Die Antworten kommen meist ziemlich schnell.
Schulung für Mitarbeitende. Führung stärken. Prozesse sauberer aufsetzen. Mehr auf Gesundheit und Belastbarkeit achten.
Vieles davon macht absolut Sinn.
Gleichzeitig schleicht sich dabei ein Muster ein, das kaum jemand wirklich anschaut.
Denn je mehr über Resilienz gesprochen wird, desto öfter landet die Verantwortung genau dort, wo man sie am leichtesten greifen kann: beim Menschen.
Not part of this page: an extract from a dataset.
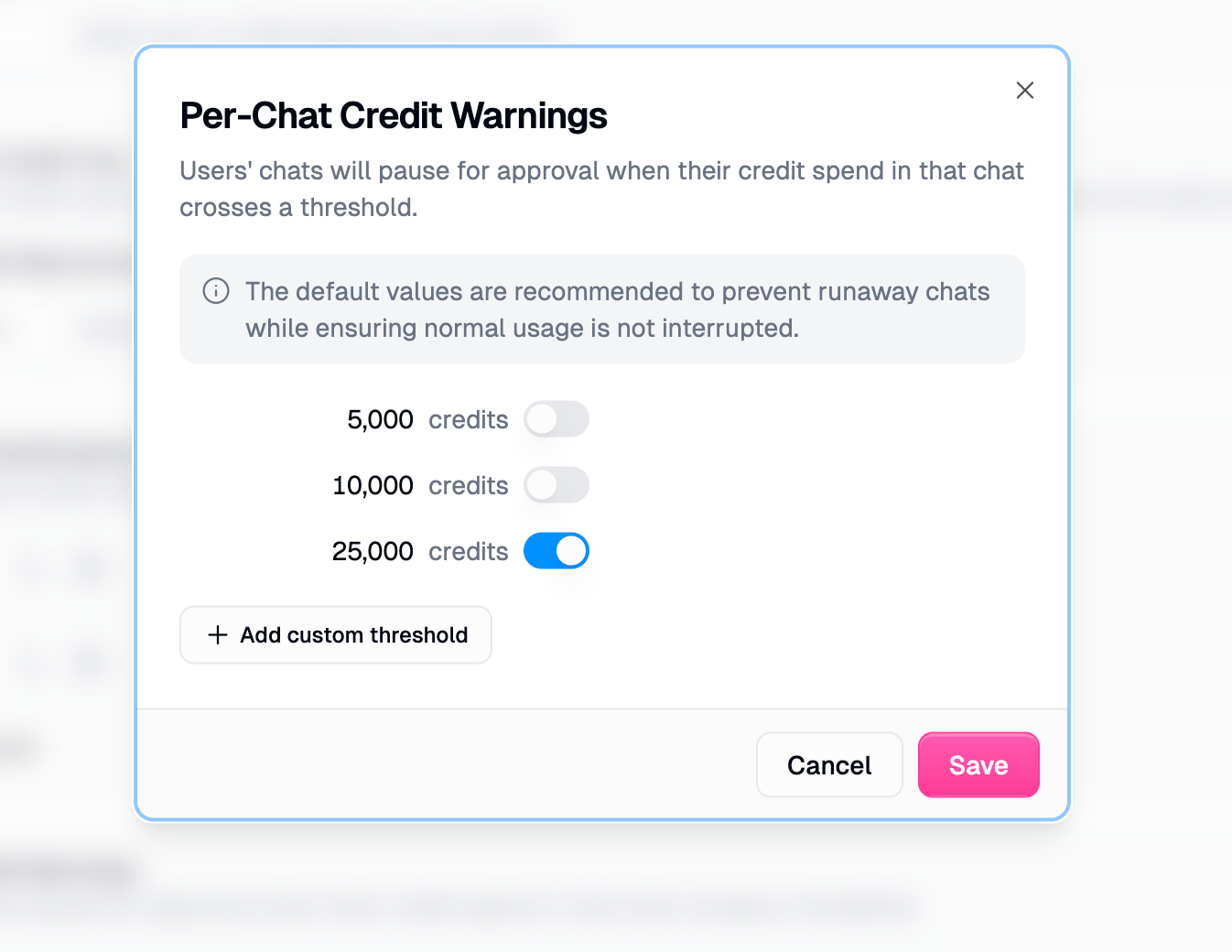 Per-Chat Credit Warnings configuration modal with default thresholds at 5,000, 10,000, and 25,000 credits and an Add custom threshold button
Mitarbeitende sollen ihre persönliche Resilienz stärken.
Führungskräfte sollen besser mit Druck umgehen.
Teams sollen auch dann funktionieren, wenn es eng wird.
Die eigentliche Frage, um die es wirklich geht, wird wird oftmals ganz leise an den Rand gedrängt:
Wie ist die Organisation gebaut, in der das alles überhaupt stattfinden soll?
Was bedeutet Resilienz im Unternehmen?
Wenn wir über Resilienz im Unternehmen sprechen, geht es im Kern darum, wie gut eine Organisation mit Veränderungen, Unsicherheit und auch mit schwierigen Zeiten umgehen kann – ohne dass gleich alles ins Wanken gerät.
Es geht also nicht nur ums irgendwie Durchhalten.
Eher darum, sich anzupassen, zu reagieren und danach wieder handlungsfähig zu sein.
Oft wird dabei zwischen zwei Ebenen unterschieden.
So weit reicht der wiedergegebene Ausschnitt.